Monday, January 8, 2018

The Wonder of Our Presence


One of the sad things today is that so many people are frightened by the wonder of their own presence. They are dying to tie themselves into a system, a role, or to an image, or to a predetermined identity that other people have actually settled on for them. This identity may be totally at variance with the wild energies that are rising inside in their souls. Many of us get very afraid and we eventually compromise. We settle for something that is safe, rather than engaging the danger and the wildness that is in our own hearts.   —John O’Donohue

This quote came from an excellent post on a Website (www.brainpickings.org) by writer Maria Popova. It resonated with a story I told in Saturday’s workshop about trying to be “sensitive” in which children I chose to be the poor children with strong character or the rich children with dubious character based on gender and ethnicity. Of course, I agree we need to be careful about falling into stereotypes, but at the end of the day, the choice was made based on what the kids were excited about doing and it felt frustrating to worry so much about these things so that something as joyful as a play could become the battleground for…well, political correctness. I don’t like that the conservatives make fun of that term and disparage the reasons why it has become an issue. And yet I agree that there are times when it goes too far and this felt like an example of one. (By the way, though some fellow staff members seemed worried about it and suggest I contact the parents, I didn’t and no parents or kids complained.)

But Ms. Popova’s piece continues to suggest that we’re going from feeling confined by the narrow strictures of people in power defining others in ways that limit and fail to see their actual wondrous selves to these marginalized groups themselves choosing to narrow themselves by “identity politics.” As if the grand panorama of a 360 degree human  life could be reduced to one tiny aspect of identity, be it gender, sexual preference, economic status, religion, musical preferences, astrological sign, diet, recovery process, learning difference, nationality, what have you.

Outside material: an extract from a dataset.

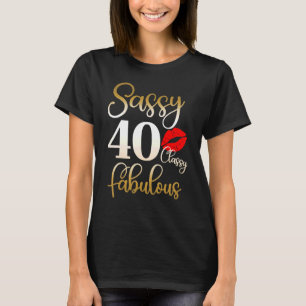 Camiseta Fabulosas 40 años, mujeres de 40 años, con clase y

Yes, it is better for someone to self-identify and choose to name and proclaim that identity than to have others do it for them. But that’s a bit like saying choosing to step into a confined cage and staying there is vastly preferable to being thrown into that cage by others. In either case, you end up in a cage. As Ms. Popova expresses it:

The safety of conformity to an old-guard mainstream has been supplanted by the safety of conformity to a new-order minority predicated on some fragment of identity, so that those within each new group (and sub-group, and sub-sub-group) are as harsh to judge and as fast to exclude “outsiders” (that is, those of unlike identity-fragments) from the conversation as the old mainstream once was in judging and excluding them. In our effort to liberate, we have ended up imprisoning — imprisoning ourselves in the fractal infinity of our ever-subdividing identities, imprisoning each other in our exponentially multiplying varieties of otherness. 

Our urge to belong is so deep that we often sell our own soul to do so, to be a card-carrying member of any group, just so long as we’re not alone. But it’s a high price to pay. And it’s a false belonging, when you have to check the other parts of yourself at the door. The true belonging is a group of people who have claimed “the wonder of their presence,” who have chosen to ride the wild energies that each of us carry in some form or another, who have crafted the ability to see the unique character and humanity of others that lies behind the surface identities. Yes, it’s true that we can fool ourselves when we think that we are free of the conditioning of centuries of racism, sexism, xenophobia, classism, etc., that it’s important to recognize what images have been imprinted by the relentless stamps of various media. But at some point—usually when we get to actually know someone—we drop the idea that Lily is Chinese, middle class, daughter of two gay moms, dyslexic and a vegan and she simply is Lily.

Thanks to Mr. O’Donohue and Ms. Popova for throwing some light on this issue. I’m sure none of your thoughts cared at all that you are respectively Irish and Bulgarian.